- **DATA FOR THIS TASK**:
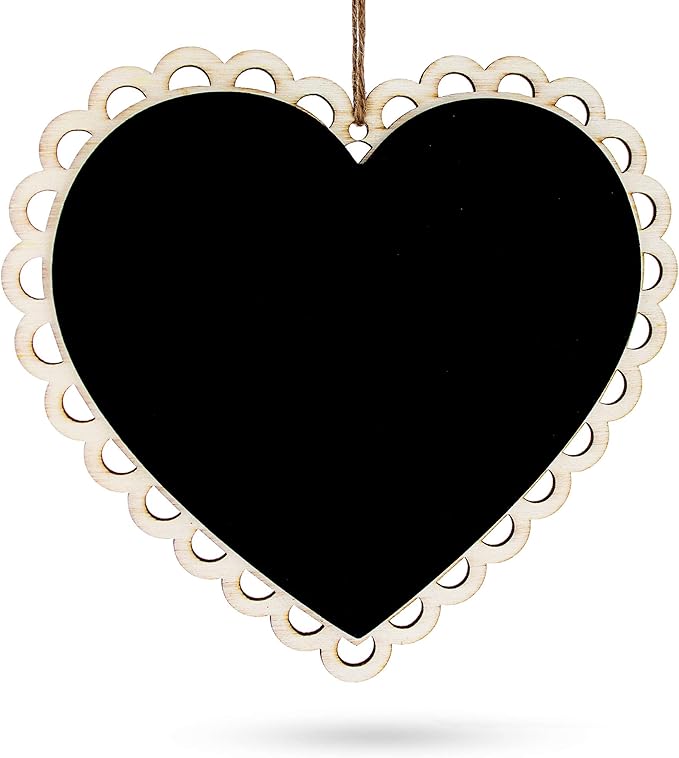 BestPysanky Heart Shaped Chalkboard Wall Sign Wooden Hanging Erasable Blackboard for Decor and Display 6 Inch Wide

* * *

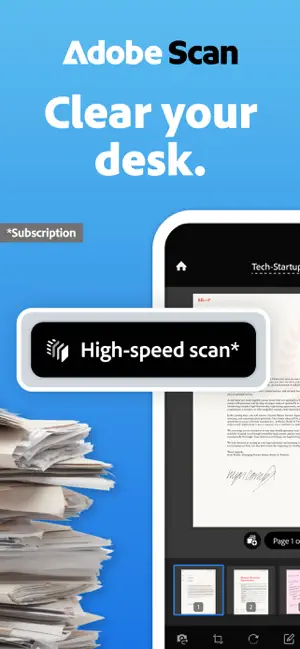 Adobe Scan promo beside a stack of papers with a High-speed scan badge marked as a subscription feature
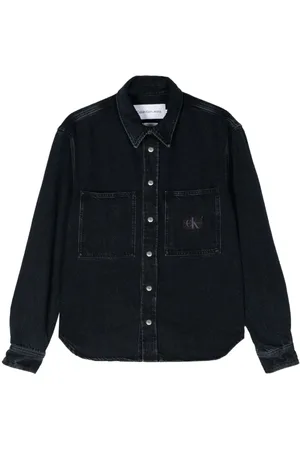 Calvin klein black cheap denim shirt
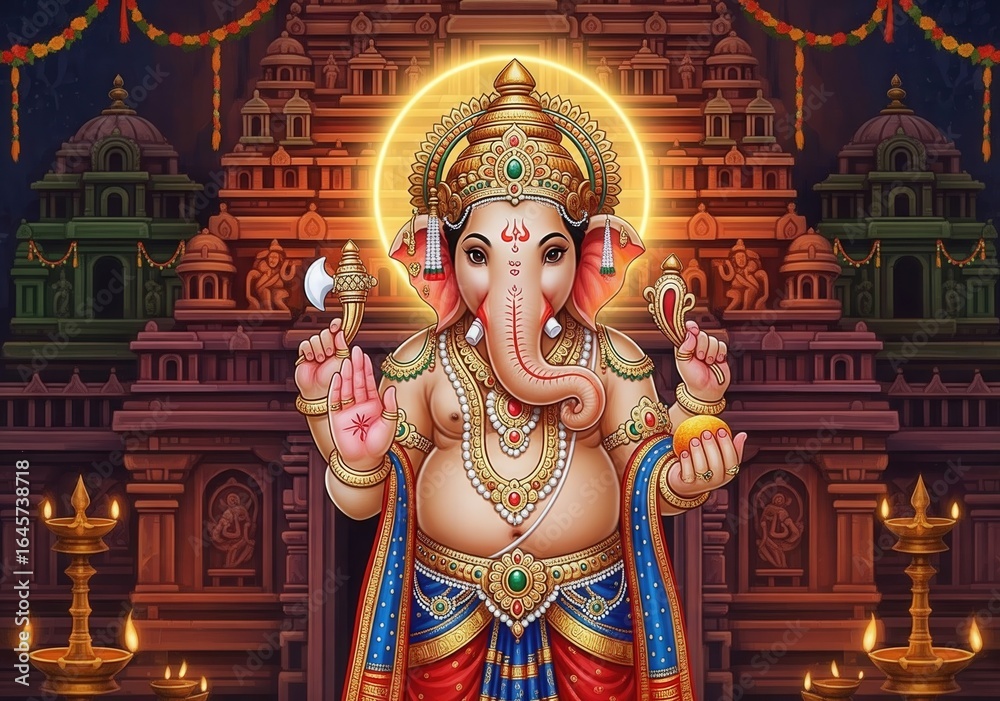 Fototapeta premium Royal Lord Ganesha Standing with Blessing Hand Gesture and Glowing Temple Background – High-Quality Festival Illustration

---

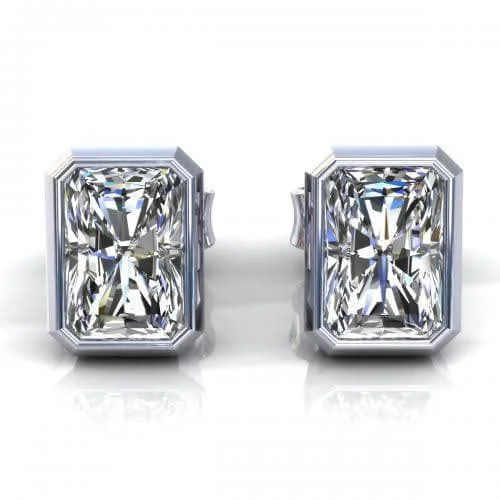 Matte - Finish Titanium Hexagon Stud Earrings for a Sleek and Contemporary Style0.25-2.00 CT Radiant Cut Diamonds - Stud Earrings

- **TASK DESCRIPTION**: Within the data above, repeat exactly the lines from the one bearing "Calvin klein black cheap denim shirt" through the one bearing "Fototapeta premium Royal". Include no pictures and nothing else.

- **ANSWER SPACE**:
 Calvin klein black cheap denim shirt
 Fototapeta premium Royal Lord Ganesha Standing with Blessing Hand Gesture and Glowing Temple Background – High-Quality Festival Illustration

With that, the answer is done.